When conducting a one-way ANOVA test, rejecting the null hypothesis indicates that at least one group mean differs from the others. However, this result does not specify which means are different. To identify the specific pairs of means that differ, a follow-up procedure called a post hoc test is used. One common post hoc test is the Bonferroni test, which compares pairs of group means while controlling for the increased risk of Type I error due to multiple comparisons.
The Bonferroni test works by breaking down the multiple group means into all possible pairs and performing individual two-sample t-tests on each pair. For example, if there are three groups (such as grades 10, 11, and 12), the pairs tested would be (10 vs. 11), (11 vs. 12), and (10 vs. 12). Each pair is tested with the null hypothesis that the two means are equal, and the alternative hypothesis that they are not equal, making it a two-tailed test.
Key values needed for the Bonferroni test come from the ANOVA output, including the Mean Square Error (MSE), which represents the variance within groups. This MSE is used as the estimate of variance in the t-test calculations. Other important parameters include the total sample size (N), the number of groups (k), and the degrees of freedom for error, calculated as \(df = N - k\).

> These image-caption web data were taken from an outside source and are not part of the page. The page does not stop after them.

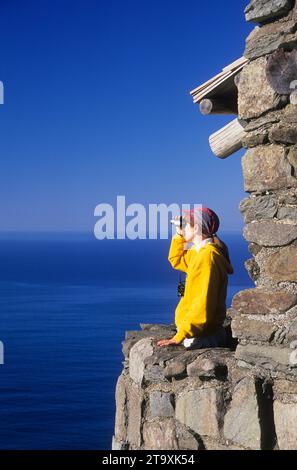 Westen Zuflucht, landschaftlich reizvollen Gegend Cape Perpetua, Siuslaw National Forest, Oregon Stockfoto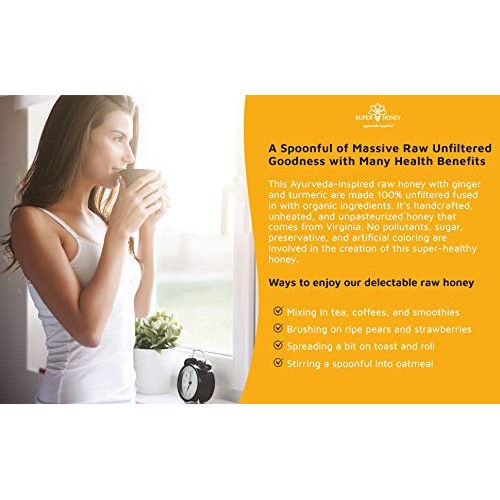 Virginia Turmeric Ginger Honey With Black Pepper | Super Honey |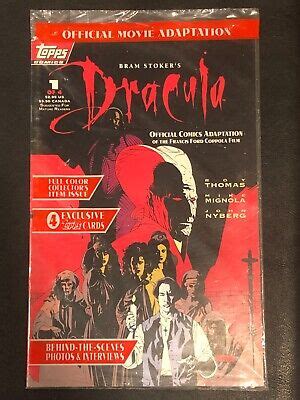 Bram Stoker S Dracula Topps Comic Book Movie Adaptation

The test statistic for each pairwise comparison is calculated using the formula:
\[t = \frac{\bar{x}_1 - \bar{x}_2}{\sqrt{MSE \left(\frac{1}{n_1} + \frac{1}{n_2}\right)}}\]where \(\bar{x}_1\) and \(\bar{x}_2\) are the sample means of the two groups, \(n_1\) and \(n_2\) are their respective sample sizes, and \(MSE\) is the mean square error from the ANOVA.

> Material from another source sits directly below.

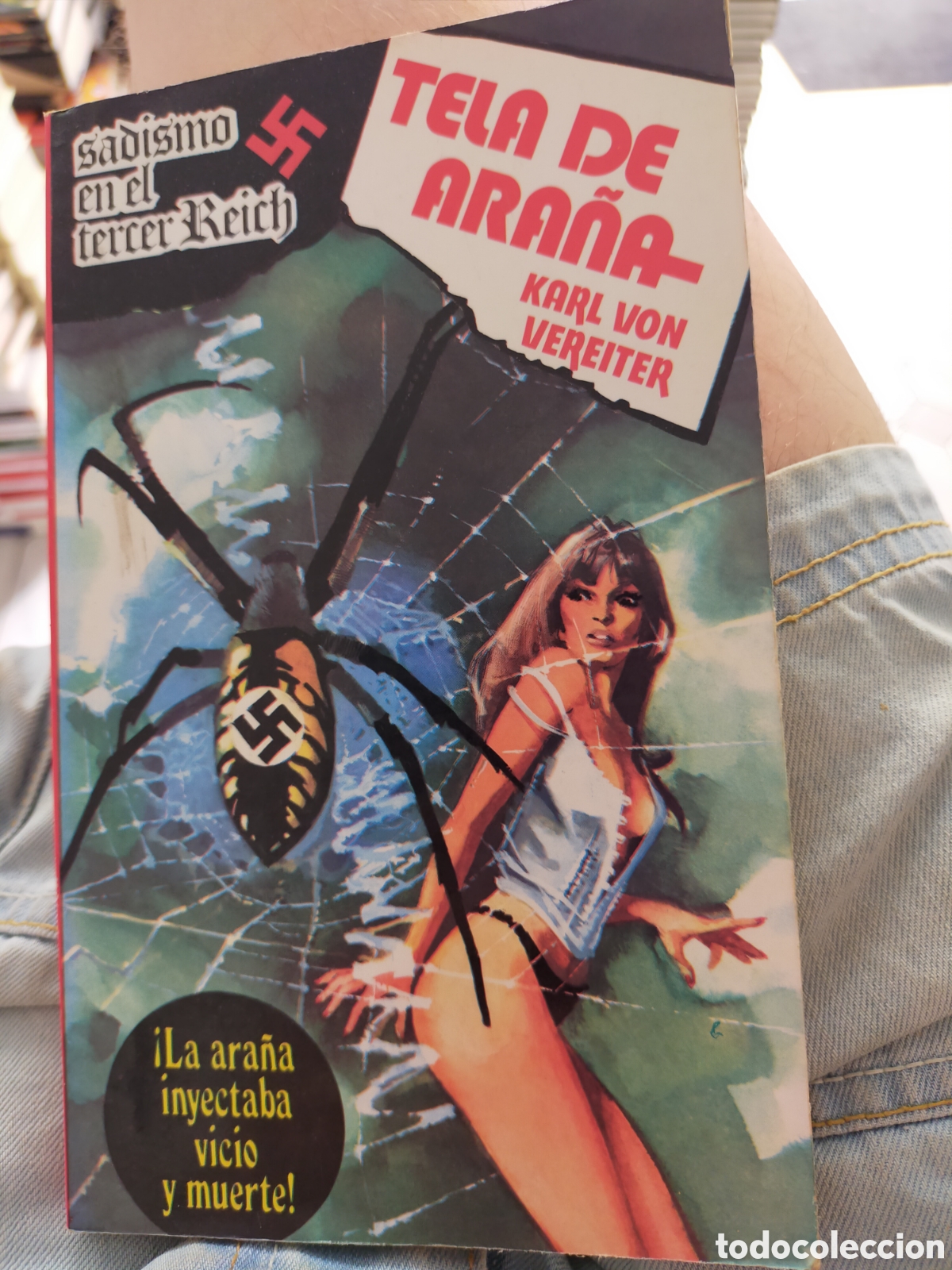 Second hand books: TELA DE ARA&Ntilde;A KARL VON VEREITER SADISMO EN EL TERCER REICH BUEN ESTADO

After calculating the t-statistic, the corresponding p-value is found using the t-distribution with the appropriate degrees of freedom. Since the test is two-tailed, the p-value is doubled. However, because multiple pairwise tests are conducted, the Bonferroni correction adjusts for the increased chance of false positives by multiplying each p-value by the number of comparisons (pairs). This adjustment ensures the overall Type I error rate remains at the chosen significance level, typically \(\alpha = 0.05\).
The number of pairs can be calculated using combinations: for \(k\) groups, the number of pairs is given by the binomial coefficient:
\[\binom{k}{2} = \frac{k(k-1)}{2}\]For example, with three groups, there are three pairs.
Once the adjusted p-values are obtained, each is compared to the significance level \(\alpha\). If the adjusted p-value is less than \(\alpha\), the null hypothesis for that pair is rejected, indicating a statistically significant difference between those two group means. If the adjusted p-value is greater than \(\alpha\), there is insufficient evidence to conclude a difference.
In practice, the Bonferroni test can be tedious due to multiple calculations, but it provides a rigorous method to pinpoint which specific group means differ after an overall ANOVA indicates a difference exists. This approach helps maintain control over Type I error rates while allowing detailed pairwise comparisons.